The Iron Banner PVP events returns today in Destiny, and Bungie’s Senior Designer Derek Carroll took to the Bungie website ahead of the event’s launch to explain just how power still matters in the Iron Banner, where of course level advantages are enabled.
You can read it on Bungie’s website, or since you’re already here, down below:
Howdy, all. Derek here with some pretty pictures for your reading pleasure.
Iron Banner is about to kick off for the first time in Year Two. With it comes a brand-new curve for all power-enabled Crucible playlists.
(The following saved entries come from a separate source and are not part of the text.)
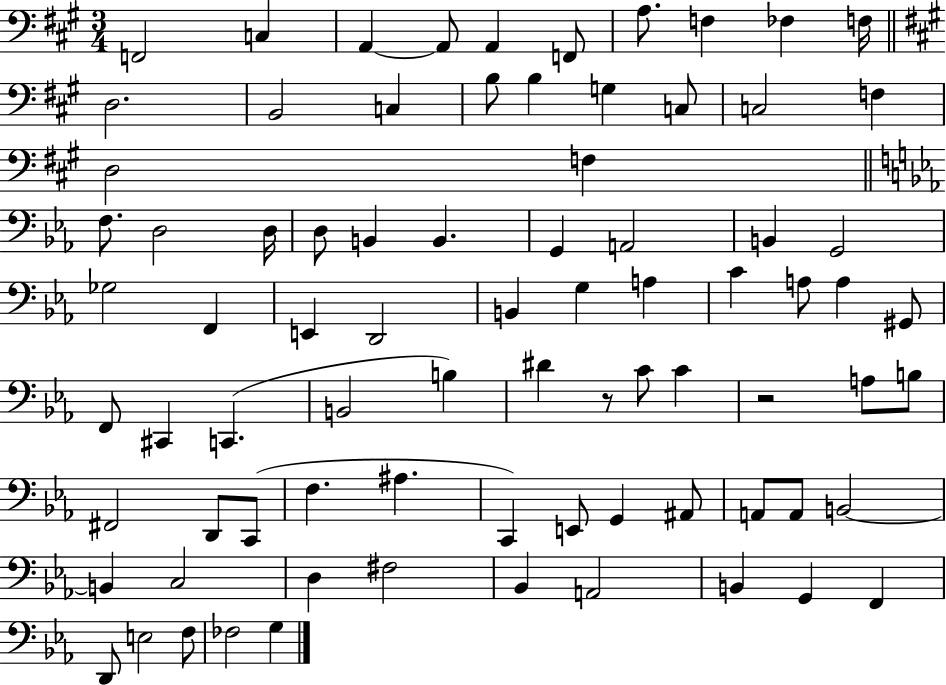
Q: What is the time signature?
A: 3/4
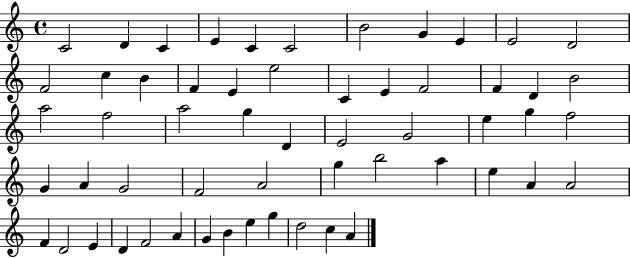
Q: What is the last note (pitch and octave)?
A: A4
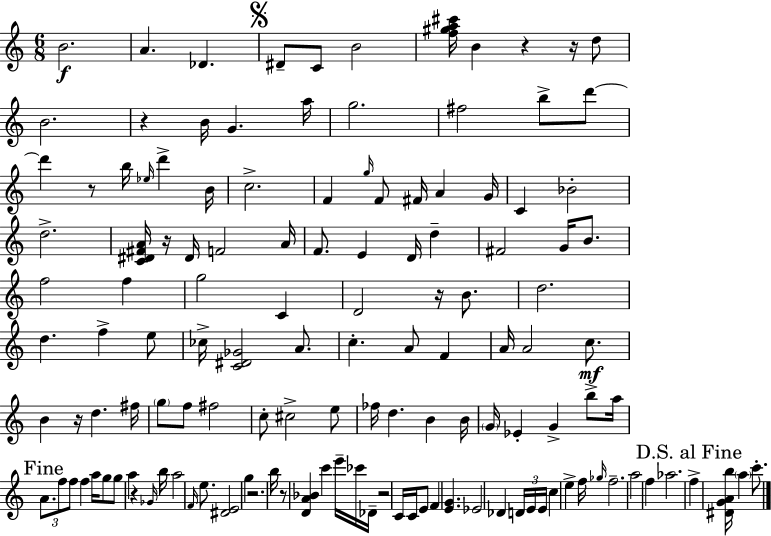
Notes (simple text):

B4/h. A4/q. Db4/q. D#4/e C4/e B4/h [F5,G#5,A5,C#6]/s B4/q R/q R/s D5/e B4/h. R/q B4/s G4/q. A5/s G5/h. F#5/h B5/e D6/e D6/q R/e B5/s Eb5/s D6/q B4/s C5/h. F4/q G5/s F4/e F#4/s A4/q G4/s C4/q Bb4/h D5/h. [C4,D#4,F#4,A4]/s R/s D#4/s F4/h A4/s F4/e. E4/q D4/s D5/q F#4/h G4/s B4/e. F5/h F5/q G5/h C4/q D4/h R/s B4/e. D5/h. D5/q. F5/q E5/e CES5/s [C4,D#4,Gb4]/h A4/e. C5/q. A4/e F4/q A4/s A4/h C5/e. B4/q R/s D5/q. F#5/s G5/e F5/e F#5/h C5/e C#5/h E5/e FES5/s D5/q. B4/q B4/s G4/s Eb4/q G4/q B5/e A5/s A4/e. F5/e F5/e F5/q A5/s G5/e G5/e A5/q R/q Gb4/s B5/s A5/h F4/s E5/e. [D#4,E4]/h G5/q R/h. B5/s R/e [D4,A4,Bb4]/q C6/q E6/s CES6/s Db4/s R/h C4/s C4/s E4/e F4/q [E4,G4]/q. Eb4/h Db4/q D4/s E4/s E4/s C5/q E5/q F5/s Gb5/s F5/h. A5/h F5/q Ab5/h. F5/q [D#4,G4,A4,B5]/s A5/q C6/e.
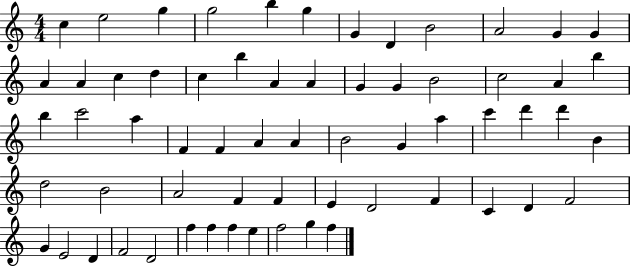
C5/q E5/h G5/q G5/h B5/q G5/q G4/q D4/q B4/h A4/h G4/q G4/q A4/q A4/q C5/q D5/q C5/q B5/q A4/q A4/q G4/q G4/q B4/h C5/h A4/q B5/q B5/q C6/h A5/q F4/q F4/q A4/q A4/q B4/h G4/q A5/q C6/q D6/q D6/q B4/q D5/h B4/h A4/h F4/q F4/q E4/q D4/h F4/q C4/q D4/q F4/h G4/q E4/h D4/q F4/h D4/h F5/q F5/q F5/q E5/q F5/h G5/q F5/q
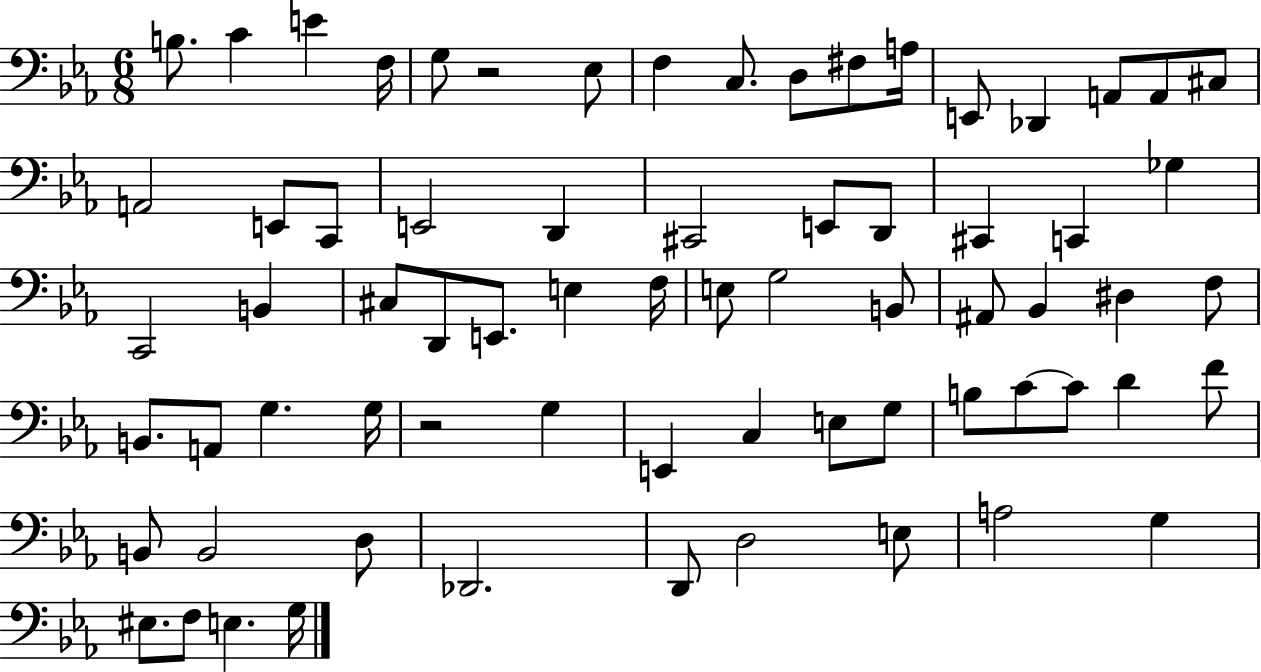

The Power Curve is a way of measuring the damage you do to players with a differing Light level. There’s a lot of secret math that gets done behind the scenes that I’m not going to get into, but for the purposes of this article, you may assume that every 10 units of Light equals 1 Level on the following graph. For example: If I’m sitting at 280 Light, and attack someone with 300 Light, my disadvantage would be a delta of 2.
Anyway, check it out:
Looking at this graph that compares our previous curves, you might say, “Wait, we hated the first Iron Banner curve! The one for The Taken King one looks really close to the first one! What’s wrong with you?”
There are a ton of answers to that question, but the one most relevant to this week’s Crucible events is that the bottom of the curve is still 10%, which is the important element for punishing players who are woefully under-leveled. There’s just a lot more room between full-power and full-sadness, given that there’s a lot more room between a new character and an endgame player in The Taken King.
Let’s zoom in to the top of the graph:
This is the part of the graph where most competitive players will find themselves, so it’s worth noting that the Power Curve for The Taken King is more aggressive than any previous release for the first 3 levels or so. This means that, assuming everyone in your match is close to max-level (or “your level”), minor differences in power will matter more than ever. We’re assuming that matchmaking will do its thing and keep skills close, so your gear will give you the edge (or hold you back) when playing in power-enabled playlists.
I’m sure this article will lead to many more questions, but hopefully you now know the differences between How It Was and How It Will Be.